## Task statement
Restate the records that follow word for word. Omit the images.

## Captioned web image data
=-=-=

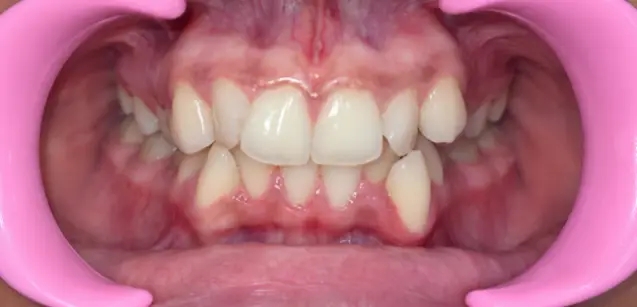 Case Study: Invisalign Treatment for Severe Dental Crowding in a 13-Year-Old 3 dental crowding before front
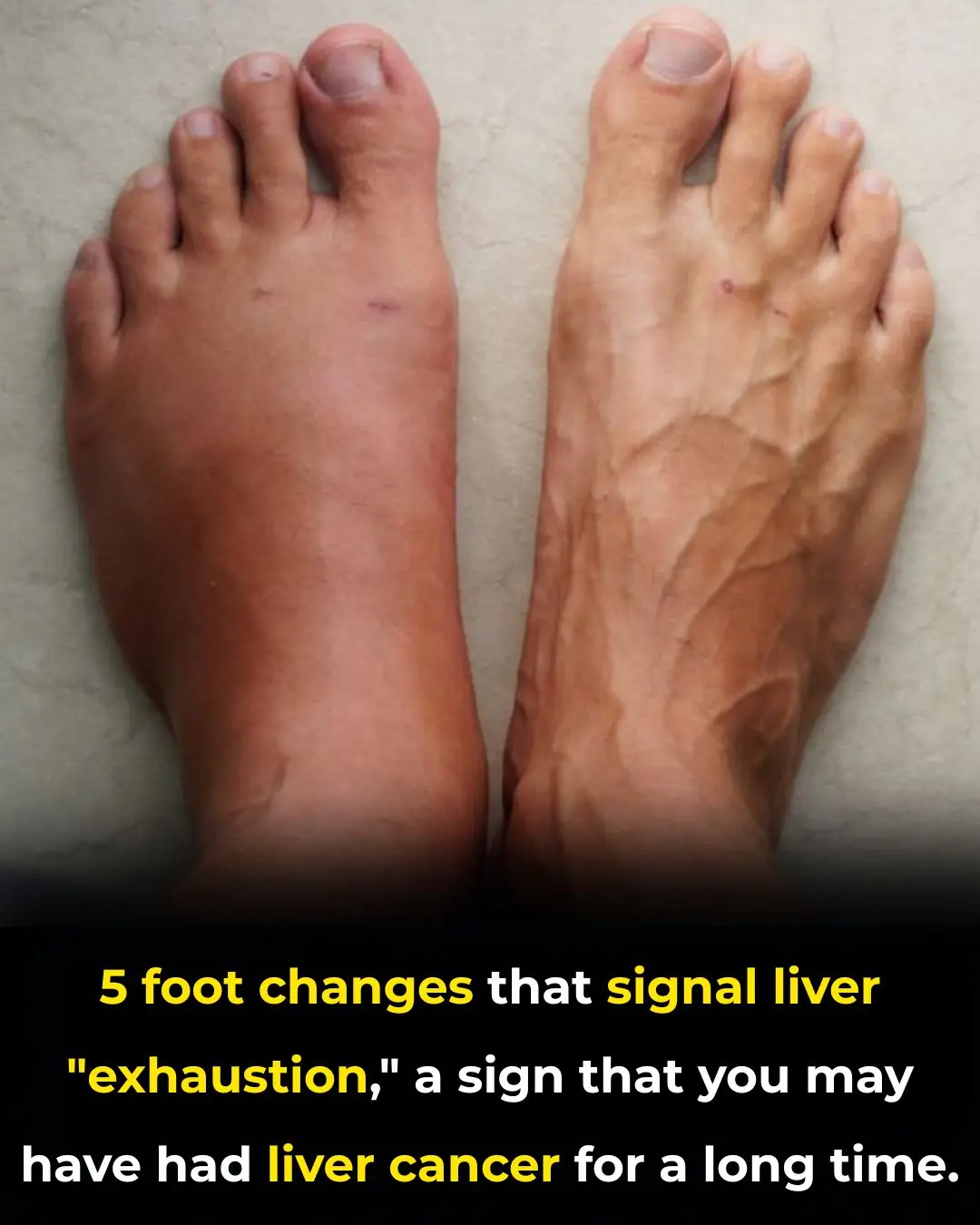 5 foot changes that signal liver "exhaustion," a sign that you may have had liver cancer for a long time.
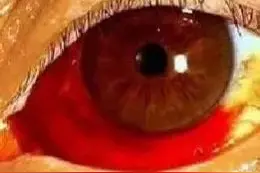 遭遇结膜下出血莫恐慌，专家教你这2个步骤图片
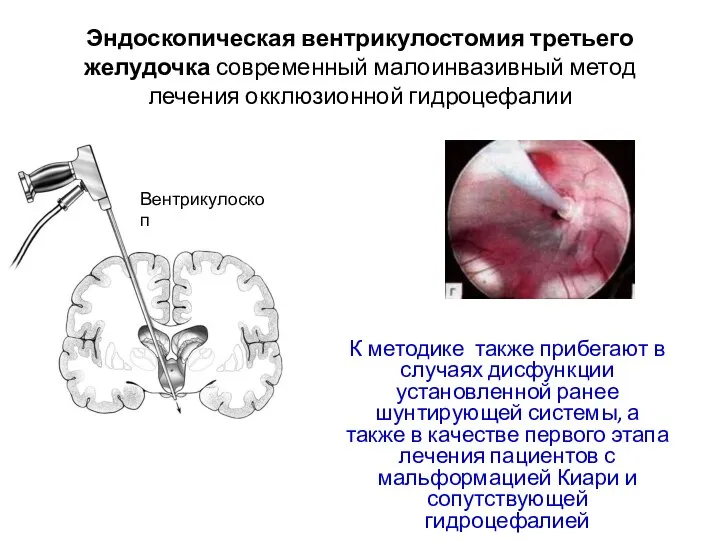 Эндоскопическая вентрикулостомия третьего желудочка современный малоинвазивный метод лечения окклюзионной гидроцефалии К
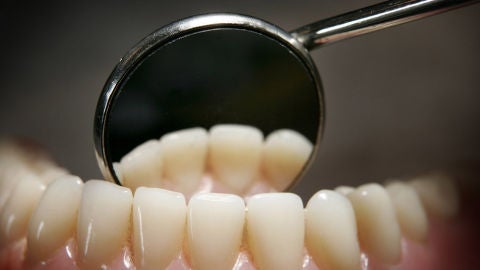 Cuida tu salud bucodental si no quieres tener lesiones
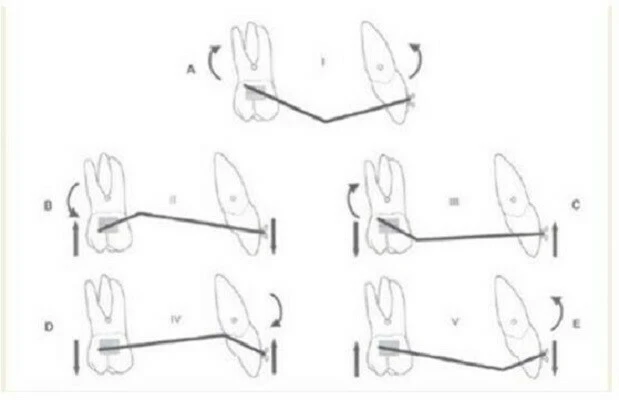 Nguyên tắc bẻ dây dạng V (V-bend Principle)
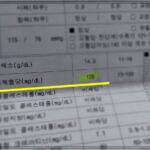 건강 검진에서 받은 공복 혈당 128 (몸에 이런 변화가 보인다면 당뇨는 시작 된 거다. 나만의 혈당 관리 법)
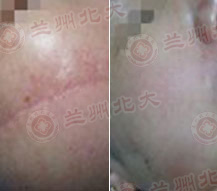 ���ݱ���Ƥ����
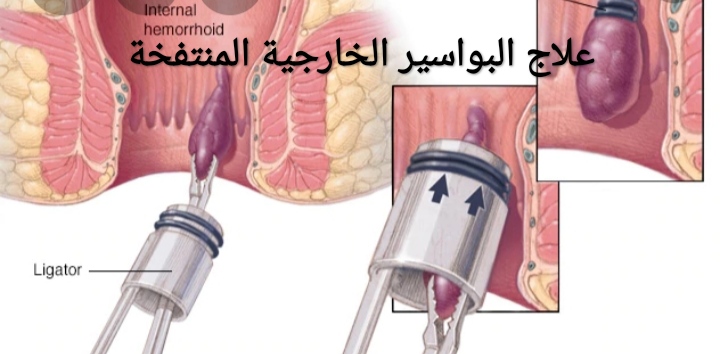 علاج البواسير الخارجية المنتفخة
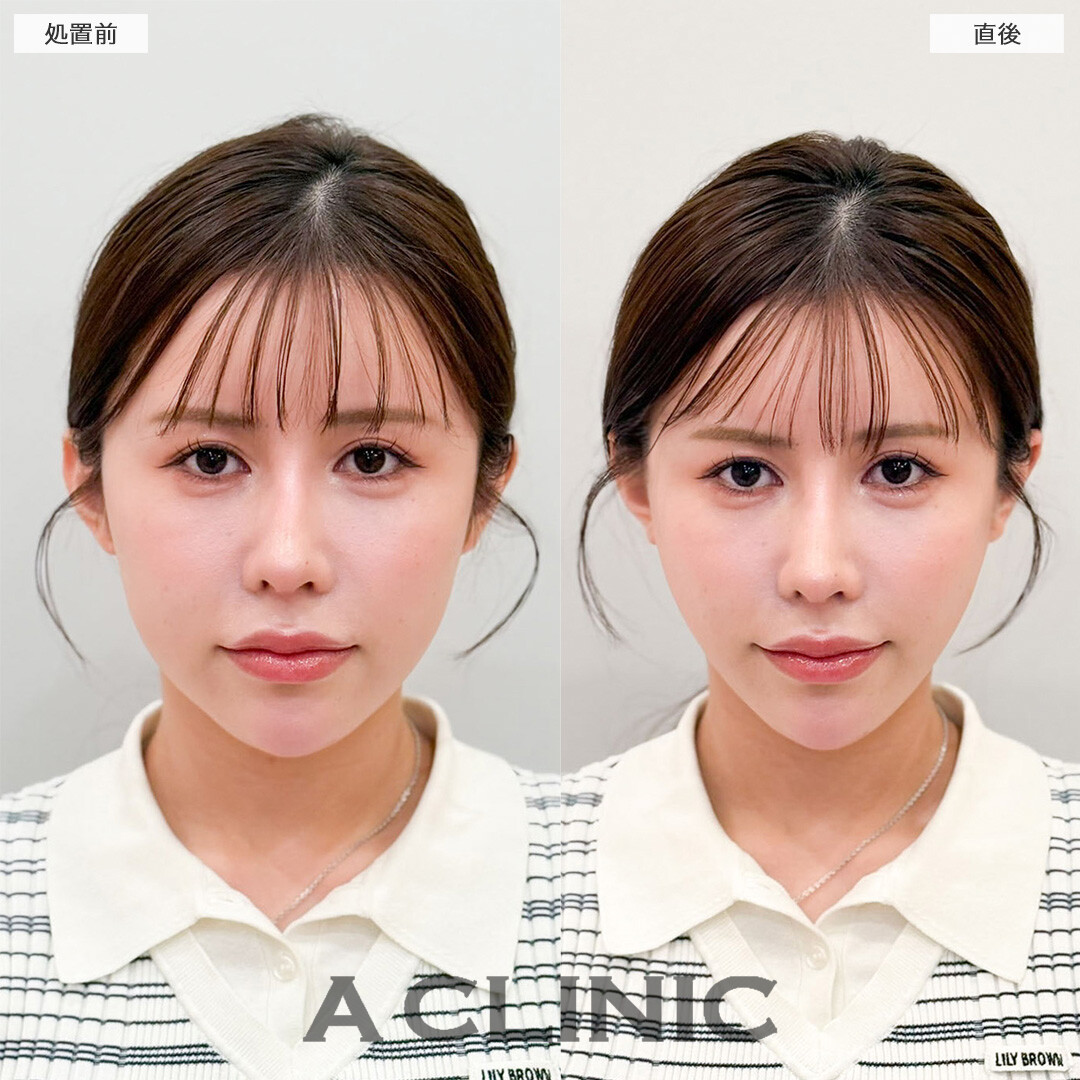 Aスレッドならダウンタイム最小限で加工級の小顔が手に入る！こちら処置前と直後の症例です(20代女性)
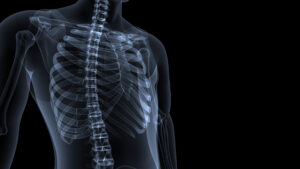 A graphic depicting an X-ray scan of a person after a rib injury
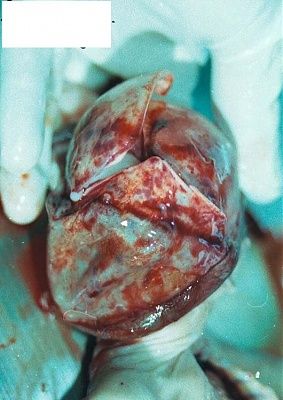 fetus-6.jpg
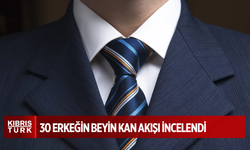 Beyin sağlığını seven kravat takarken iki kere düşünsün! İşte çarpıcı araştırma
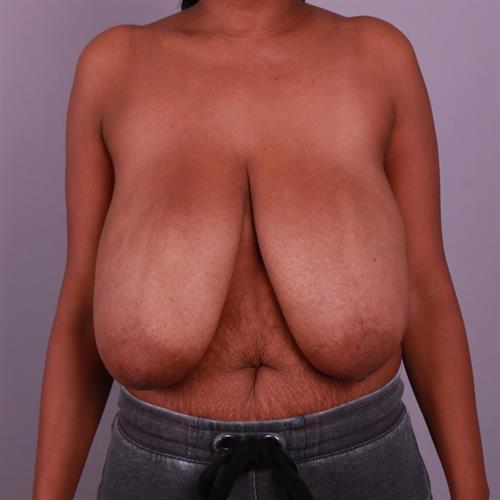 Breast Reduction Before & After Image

=-=-=

## Solution for this exercise
 Case Study: Invisalign Treatment for Severe Dental Crowding in a 13-Year-Old 3 dental crowding before front
 5 foot changes that signal liver "exhaustion," a sign that you may have had liver cancer for a long time.
 遭遇结膜下出血莫恐慌，专家教你这2个步骤图片
 Эндоскопическая вентрикулостомия третьего желудочка современный малоинвазивный метод лечения окклюзионной гидроцефалии К
 Cuida tu salud bucodental si no quieres tener lesiones
 Nguyên tắc bẻ dây dạng V (V-bend Principle)
 건강 검진에서 받은 공복 혈당 128 (몸에 이런 변화가 보인다면 당뇨는 시작 된 거다. 나만의 혈당 관리 법)
 ���ݱ���Ƥ����
 علاج البواسير الخارجية المنتفخة
 Aスレッドならダウンタイム最小限で加工級の小顔が手に入る！こちら処置前と直後の症例です(20代女性)
 A graphic depicting an X-ray scan of a person after a rib injury
 fetus-6.jpg
 Beyin sağlığını seven kravat takarken iki kere düşünsün! İşte çarpıcı araştırma
 Breast Reduction Before & After Image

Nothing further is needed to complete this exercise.